Apesar das diferenças ideológicas e geográficas, ambos enfrentam a retaliação de sistemas que não toleram a dissidência.


Apesar de separados por continentes, realidades políticas distintas e ideologias muitas vezes opostas, Venâncio Mondlane e Jair Bolsonaro parecem partilhar uma característica rara nos dias de hoje: a disposição para desafiar abertamente os poderes instituídos  e enfrentar as consequências dessa ousadia.

De um lado, em Moçambique, Mondlane destacou-se como uma das vozes mais incisivas contra a concentração prolongada de poder político. Denunciou irregularidades, expôs abusos de autoridade e posicionou-se como uma alternativa real à política tradicional, ganhando seguidores entre os desiludidos com o status quo. Essa postura tem-lhe valido mais do que reconhecimento público: de acordo com informações recentes, poderá enfrentar um mandado de detenção  um sinal claro de que o sistema responde com firmeza quando os seus alicerces são ameaçados.

Do outro lado do Atlântico, no Brasil, Jair Bolsonaro enfrenta um cenário judicial conturbado desde que deixou a presidência. Acusado de várias irregularidades, tornado inelegível e alvo de múltiplas investigações, continua a ser uma figura central no debate político. Para milhões de brasileiros, Bolsonaro não é símbolo de transgressão, mas sim de perseguição. Um político que, goste-se ou não, continua a agitar as estruturas do sistema com a sua retórica e presença.

Não se trata aqui de colocá-los no pedestal da perfeição nem de ignorar os seus erros ou polémicas. O ponto central é outro: ambos enfrentam, cada qual à sua maneira, as reações ferozes de sistemas políticos que se sentem ameaçados por vozes disruptivas. O que deveria ser a essência da democracia  o debate livre, o pluralismo de ideias e a tolerância à oposição transforma-se, muitas vezes, numa máquina de silenciamento.

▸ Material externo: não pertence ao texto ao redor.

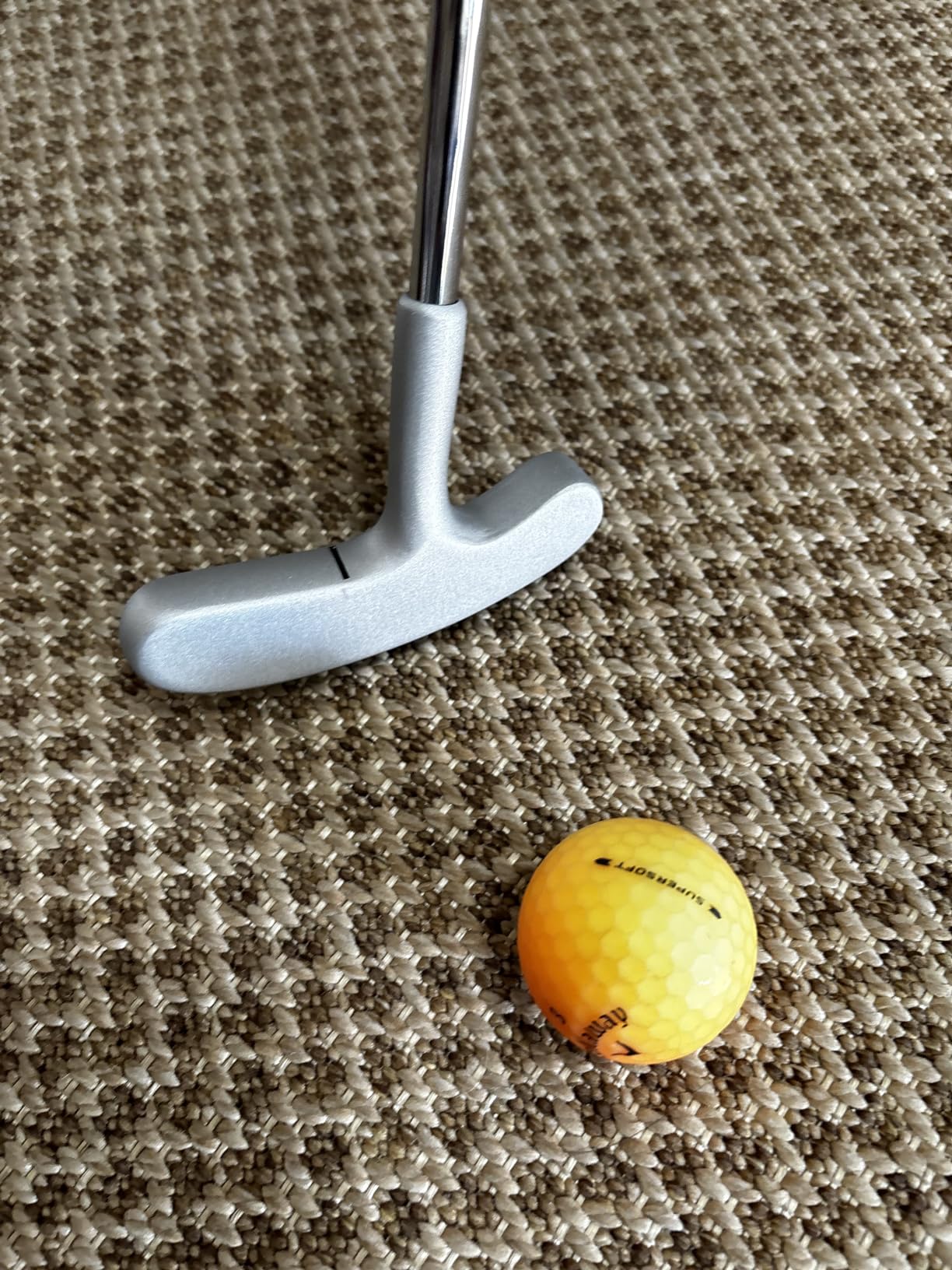 GoSports Classic Golf Putter - 35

É neste ponto que as trajetórias de Mondlane e Bolsonaro se tocam. Não pela ideologia, mas pela experiência comum de enfrentarem estruturas que, quando pressionadas, abandonam os princípios democráticos que dizem proteger.

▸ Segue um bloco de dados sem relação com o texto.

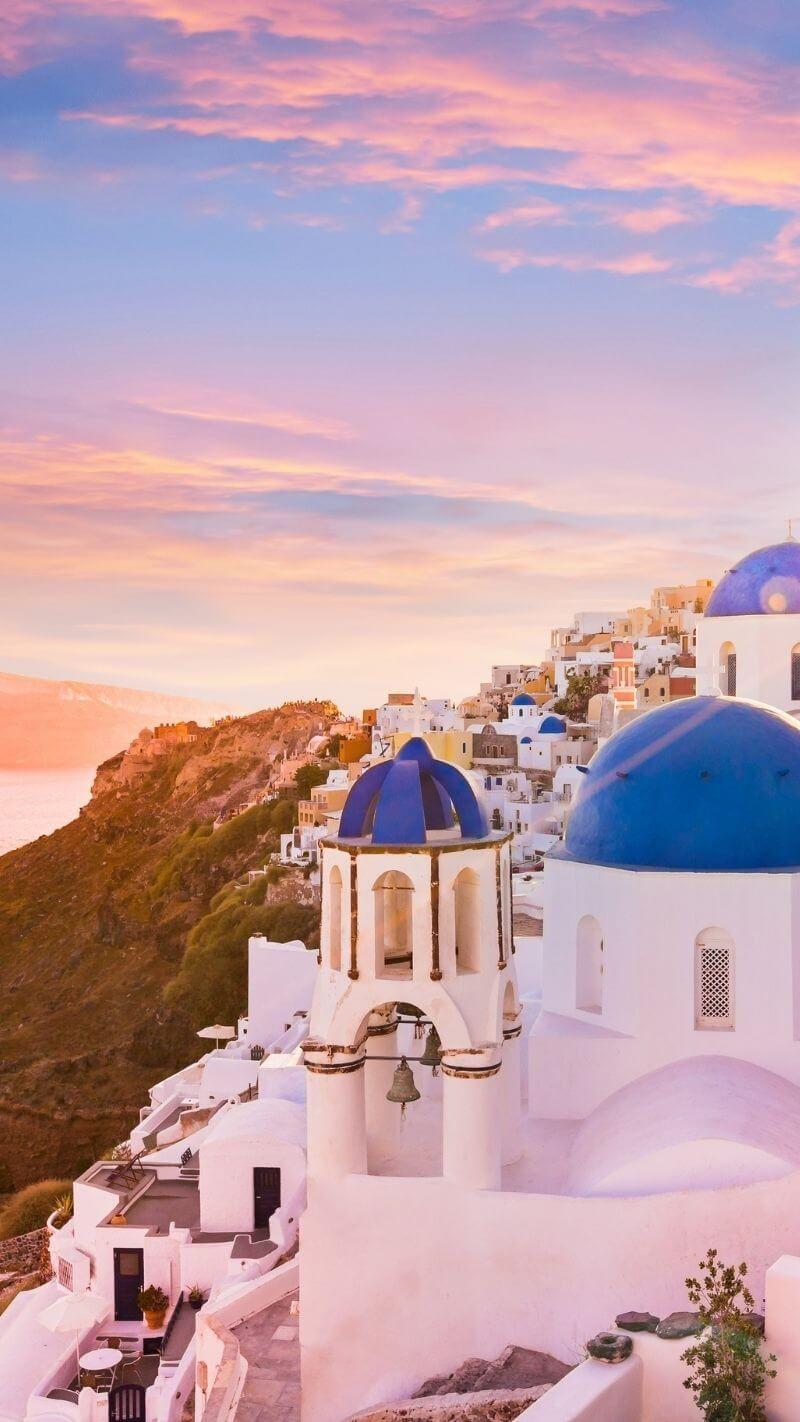800x1422 Beautiful Travel Aesthetic Wallpaper To Dream About Travel​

Imaginar um encontro entre ambos pode parecer improvável, quase irreal. Mas esse exercício de imaginação não se baseia na afinidade política, e sim na possibilidade de reconhecer que a repressão ao dissenso não escolhe lado: atinge tanto a esquerda quanto a direita, sempre que o sistema se vê confrontado por figuras que desafiam as suas regras não escritas.